-
Notifications
You must be signed in to change notification settings - Fork 271
Description
Describe the bug
Seems related to #2592
JobRun objects are kept on the cluster indefinitely, although there's a ttl set to delete them 24h after completion. Removing the finalizer finalizers.emrcontainers.services.k8s.aws/JobRun by patching the object seems to resolve it.
Steps to reproduce
I have an Argo CronWorkflow that runs every 20 minutes. It creates 6 emr job runs sequentially. They are not deleted automatically and accumulate over time.
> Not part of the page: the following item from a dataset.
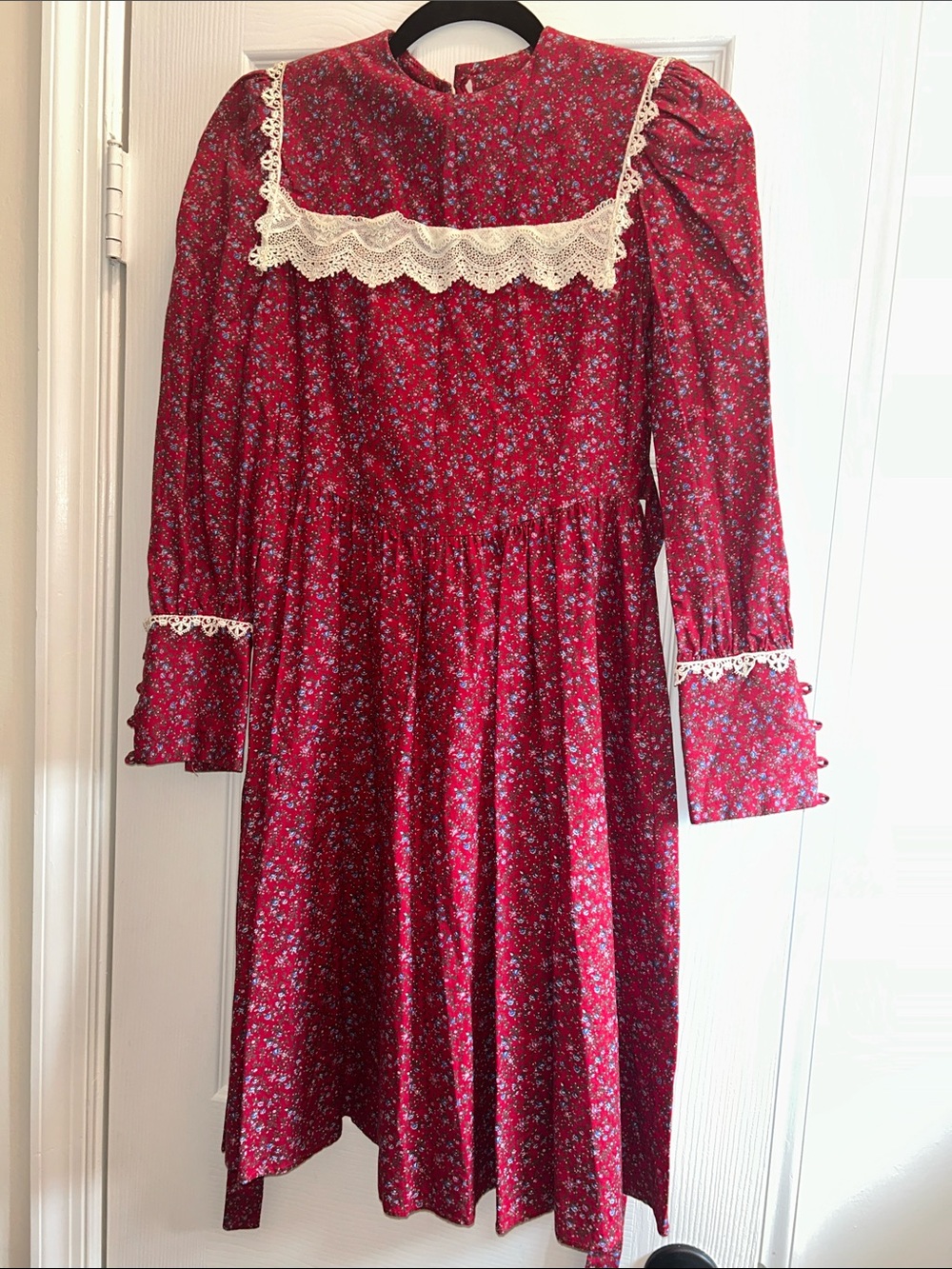 Gunne Sax Vintage Red Floral Long-Sleeve Dress with Cream Lace Yoke Size 14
After reaching a few thousand of those objects, the controller tries to cancel them (even those that are in a non-cancellable/completed state) and gets stuck in a reconciliation error loop.
Example for an error:
{"level":"error","ts":"2025-07-16T08:05:05.079Z","msg":"Reconciler error","controller":"jobrun","controllerGroup":"emrcontainers.services.k8s.aws","controllerKind":"JobRun","JobRun":{"name":"redacted","namespace":"[[redacted]]"},"namespace":"redacted","name":"redacted","reconcileID":"e1e8eef7-e5b2-4d6b-941f-b6fe13d2de47","error":"operation error EMR containers: CancelJobRun, failed to get rate limit token, retry quota exceeded, 1 available, 5 requested","stacktrace":"sigs.k8s.io/controller-runtime/pkg/internal/controller.(*Controller[...]).reconcileHandler\n\t/go/pkg/mod/sigs.k8s.io/[email protected]/pkg/internal/controller/controller.go:347\nsigs.k8s.io/controller-runtime/pkg/internal/controller.(*Controller[...]).processNextWorkItem\n\t/go/pkg/mod/sigs.k8s.io/[email protected]/pkg/internal/controller/controller.go:294\nsigs.k8s.io/controller-runtime/pkg/internal/controller.(*Controller[...]).Start.func2.2\n\t/go/pkg/mod/sigs.k8s.io/[email protected]/pkg/internal/controller/controller.go:255"}
Example of a completed job run:
Name: [[redacted]]
Namespace: [[redacted]]
Labels: <none>
Annotations: <none>
API Version: emrcontainers.services.k8s.aws/v1alpha1
Kind: JobRun
Metadata:
Creation Timestamp: 2025-08-04T15:41:22Z
Deletion Grace Period Seconds: 0
Deletion Timestamp: 2025-08-04T16:47:36Z
Finalizers:
finalizers.emrcontainers.services.k8s.aws/JobRun
Generation: 2
Owner References:
API Version: argoproj.io/v1alpha1
Block Owner Deletion: true
Controller: true
Kind: Workflow
Name: [[redacted]]
UID: 0ab79df5-f92d-4c7c-89b0-646369c0237b
Resource Version: 95869895
UID: 3b2fd48a-48e7-4e63-b703-4ef75459bf99
Spec:
Configuration Overrides: ApplicationConfiguration:
- classification: spark-defaults
properties:
spark.kubernetes.container.image: [[redacted]]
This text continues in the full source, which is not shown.